**Task**
Every line of the material is to be repeated exactly as it stands.
== Segment start ==
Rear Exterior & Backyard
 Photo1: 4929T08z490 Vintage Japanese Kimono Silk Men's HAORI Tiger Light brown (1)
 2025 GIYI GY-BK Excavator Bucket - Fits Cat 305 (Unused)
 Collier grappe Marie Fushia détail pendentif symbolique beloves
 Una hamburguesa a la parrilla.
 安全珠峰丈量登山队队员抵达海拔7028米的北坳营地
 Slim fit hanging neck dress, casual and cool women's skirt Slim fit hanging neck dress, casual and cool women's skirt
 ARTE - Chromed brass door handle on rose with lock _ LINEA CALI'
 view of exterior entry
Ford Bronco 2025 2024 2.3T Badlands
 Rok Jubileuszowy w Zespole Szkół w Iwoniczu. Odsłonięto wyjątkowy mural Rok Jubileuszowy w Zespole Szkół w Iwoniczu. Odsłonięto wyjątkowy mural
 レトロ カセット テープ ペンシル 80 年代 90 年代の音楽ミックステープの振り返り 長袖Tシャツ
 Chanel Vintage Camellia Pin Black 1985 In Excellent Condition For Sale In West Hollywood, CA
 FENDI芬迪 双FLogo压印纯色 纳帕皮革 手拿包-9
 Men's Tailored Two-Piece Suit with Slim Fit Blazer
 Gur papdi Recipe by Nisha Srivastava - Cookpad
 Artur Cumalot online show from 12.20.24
== Segment end ==
**Exercise solution**
Rear Exterior & Backyard
 Photo1: 4929T08z490 Vintage Japanese Kimono Silk Men's HAORI Tiger Light brown (1)
 2025 GIYI GY-BK Excavator Bucket - Fits Cat 305 (Unused)
 Collier grappe Marie Fushia détail pendentif symbolique beloves
 Una hamburguesa a la parrilla.
 安全珠峰丈量登山队队员抵达海拔7028米的北坳营地
 Slim fit hanging neck dress, casual and cool women's skirt Slim fit hanging neck dress, casual and cool women's skirt
 ARTE - Chromed brass door handle on rose with lock _ LINEA CALI'
 view of exterior entry
Ford Bronco 2025 2024 2.3T Badlands
 Rok Jubileuszowy w Zespole Szkół w Iwoniczu. Odsłonięto wyjątkowy mural Rok Jubileuszowy w Zespole Szkół w Iwoniczu. Odsłonięto wyjątkowy mural
 レトロ カセット テープ ペンシル 80 年代 90 年代の音楽ミックステープの振り返り 長袖Tシャツ
 Chanel Vintage Camellia Pin Black 1985 In Excellent Condition For Sale In West Hollywood, CA
 FENDI芬迪 双FLogo压印纯色 纳帕皮革 手拿包-9
 Men's Tailored Two-Piece Suit with Slim Fit Blazer
 Gur papdi Recipe by Nisha Srivastava - Cookpad
 Artur Cumalot online show from 12.20.24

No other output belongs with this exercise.